Political Background
When, in 1845, Congress authorized the annexation of Texas—a renegade Mexican province that had declared its independence in 1836—Mexico broke off diplomatic relations with the United States. But the Mexican government, weakened by a succession of revolutions and military coups since it won independence from Spain in 1821, soon recognized that diplomacy might be the only way to avoid war with its increasingly aggressive northern neighbor.
And Texas wasn't the only bone of contention; the Americans also wanted to take over Mexican lands in California and New Mexico, and private American citizens sought millions of dollars in repayments for losses they claimed to have suffered in Mexican business dealings due to the political chaos there.
In September 1845, the Mexicans agreed to negotiate with President Polk's envoy, a Louisiana politician named John Slidell, who offered the Mexicans a deal. The U.S. would assume all liability for the claims of American businessmen against Mexico if the Mexicans would cede to the United States the disputed territory between the Rio Grande and Nueces rivers. The Americans also wanted to buy New Mexico for $5 million and California for $25 million.
Slidell's arrival at the Mexican port of Vera Cruz set off a chain of events that helped to spark another coup. Rumors spread throughout Mexico that President José Joaquin Herrera was about to betray his country by giving away Mexican territory to the Americans. Hoping to protect himself against these charges of treason, Herrera abruptly decided to refuse to meet with Slidell. But it was too late. Major General Mariano Paredes won support from the military and the church to overthrow the Herrera government, promising to resist American encroachments against Mexican interests.

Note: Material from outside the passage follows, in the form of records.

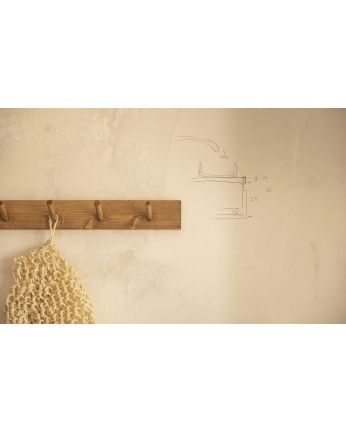 Kerry - Colgador de pared de madera maciza en tono roble oscuro de 61x5cm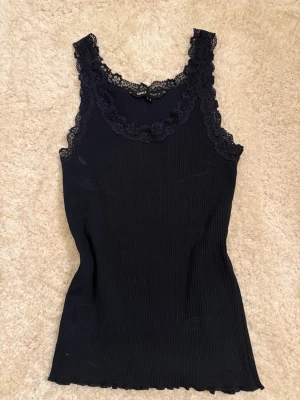 Mörkblå linne med spets  - Mörkblå linne med spets från Only st S 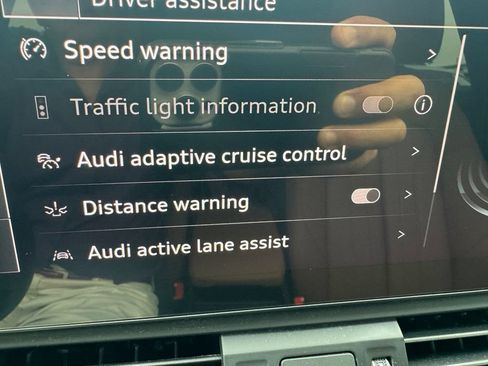 Used 2023 Audi Q5 2.0T Premium w/ Convenience Package AWD/4WD image 45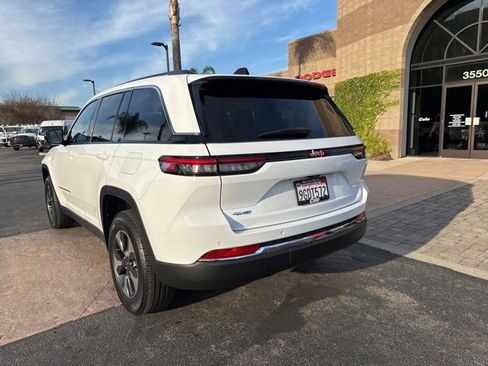 Used 2023 Jeep Grand Cherokee 4WD 4xe image 10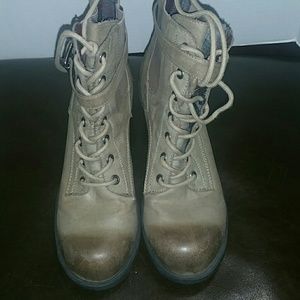 WOMEN'S COCONUT ANKLE BOOTS SZ.8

Mexico's refusal to receive Slidell and pursue a negotiated settlement made it plausible for President Polk to claim that he'd sought a peaceful solution to America's problems with Mexico, only to be rebuffed and forced to turn to a military solution as a last resort. In fact, Polk deeply desired war with Mexico and the military takeover there helped him get his war. Slidell's rejection led directly to the president's order to General Zachary Taylor to march into the disputed lands south of the Nueces, which in turn led directly to the opening of armed combat.
16 American soldiers became casualties in the first skirmish, giving Polk the justification he'd been looking for to seek funding from Congress for a war it had never formally authorized.
Only 14 representatives and two senators voted against the spending bill. Many of those who did vote for the measure were skeptical of the administration's version of the events that led to the conflict, but for political reasons—especially since the fighting had already begun and without funding the soldiers would be stranded—they didn't withhold the war appropriations. While the conflict had a few outspoken and even famous critics, most Americans enthusiastically supported it.
The Treaty
General Santa Anna of Mexico seized power in the early days of the war and mounted a fight that lasted almost two years. But by the end of 1847, General Zachary Taylor had become a national hero in the United States for winning two victories at the Rio Grande and mounting a successful advance into northeastern Mexico, where he took Monterrey and routed Santa Anna's army at the battle of Buena Vista.
General Winfield Scott invaded central Mexico via the port of Vera Cruz and—for the first time in American history—U.S. forces took the capital of a foreign nation. Diplomat Nicholas P. Trist negotiated a settlement (which the defeated Mexicans had little choice but to accept) whereby the United States paid $15 million for territory that included Texas (with a southern boundary along the Rio Grande) and most of what later became the American southwest.
Mexico lost over half of its territory.